Saturday, 18th July 2020 – Recipes (Victoria Sponge)

Cakes are another bete noire of mine, never quite coming out the way I hope. In a fit of optimism, I decided I’d have one more go at what is really quite a basic thing, the Victoria sponge. This has long defeated me, coming out either so risen that it’s ridiculous, or sagging in the middle like and old mattress that’s lost its stuffing. I figured, having conquered scones, and several more complicated items like cinnamon buns, the Victoria sponge should hold no terrors now.

After a brief diversion into the history of the cake itself, and of the invention of baking powder, I rounded up my trusty copy of “Completely Perfect”, which now really is my go-to guide for anything supposedly “basic” and got cracking.

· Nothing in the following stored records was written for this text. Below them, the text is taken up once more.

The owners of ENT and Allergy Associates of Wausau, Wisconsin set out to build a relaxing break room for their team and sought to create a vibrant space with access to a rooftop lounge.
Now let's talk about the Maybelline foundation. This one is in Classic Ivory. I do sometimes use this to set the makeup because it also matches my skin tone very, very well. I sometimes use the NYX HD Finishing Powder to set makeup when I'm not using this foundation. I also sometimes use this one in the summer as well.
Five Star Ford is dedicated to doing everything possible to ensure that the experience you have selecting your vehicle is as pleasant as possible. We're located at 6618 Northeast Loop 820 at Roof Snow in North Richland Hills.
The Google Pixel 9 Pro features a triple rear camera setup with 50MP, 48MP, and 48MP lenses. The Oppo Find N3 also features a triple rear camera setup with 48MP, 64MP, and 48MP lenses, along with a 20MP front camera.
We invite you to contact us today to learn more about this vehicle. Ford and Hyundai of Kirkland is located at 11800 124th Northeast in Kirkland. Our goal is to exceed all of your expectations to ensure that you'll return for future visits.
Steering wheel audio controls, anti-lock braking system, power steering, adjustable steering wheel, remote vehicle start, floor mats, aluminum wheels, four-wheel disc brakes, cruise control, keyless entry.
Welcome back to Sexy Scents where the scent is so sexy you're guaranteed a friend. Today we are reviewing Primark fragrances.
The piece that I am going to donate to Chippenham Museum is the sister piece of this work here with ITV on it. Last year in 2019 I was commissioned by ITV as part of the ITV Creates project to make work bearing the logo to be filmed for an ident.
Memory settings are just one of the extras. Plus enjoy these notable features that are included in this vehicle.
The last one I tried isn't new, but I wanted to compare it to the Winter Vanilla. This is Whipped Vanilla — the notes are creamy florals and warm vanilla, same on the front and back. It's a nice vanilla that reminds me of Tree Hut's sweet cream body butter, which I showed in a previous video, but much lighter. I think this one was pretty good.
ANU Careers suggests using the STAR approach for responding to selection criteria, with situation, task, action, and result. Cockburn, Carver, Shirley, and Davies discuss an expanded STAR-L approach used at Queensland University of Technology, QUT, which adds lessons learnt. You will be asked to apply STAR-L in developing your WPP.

  • 3 large eggs, weighed in their shells
  • The same weight of soft butter
  • The same weight of caster sugar
  • The same weight of self-raising flour
  • 1 tsp baking powder
  • Generous pinch salt
  • 2 tbsps milk
  • 5 tbsps raspberry jam
  • Caster sugar, to top


  1. Preheat the oven to 200C/180C (fan) and grease the sides and the base, and then line the base of 2 x 21cm sandwich tins.
  2. Put the butter and sugar into a food mixer, or use a hand mixer to combine until light and really fluffy – this should take a good couple of minutes.
  3. Scrape down the sides, beat the eggs together, then add them to the mixture a little at a time. Scrape the sides of the bowl down to make sure everything is mixed in properly.
  4. Fold in the flour, baking powder and 1/2 tsp salt, then add enough milk so that the mixture drops easily off a spoon, but does not run off.
  5. Divide evenly between the tins, smooth the top and put in the oven for 20 minutes until golden and well risen: a skewer inserted into the centre should come out clean.
  6. In the final five minutes keep a sharp eye on the cakes to make sure they don’t burn.
  7. Allow to cool in the tin for 10 minutes, then put, flat-side down, on a wire rack to cool completely.
  8. To assemble the cake, put the least favoured cake, whichever it is, on to a plate or stand, and spread generously with jam. Dust the top with caster sugar, and devour.

It came out a treat, both cakes nice and level and very fluffy.


  • For the final five minutes of baking I covered the tops of the cakes with foil.
  • You can add buttercream. I didn’t.
  • Instead of caster sugar on the top, I used icing sugar because I prefer its softness rather than the graininess of caster sugar.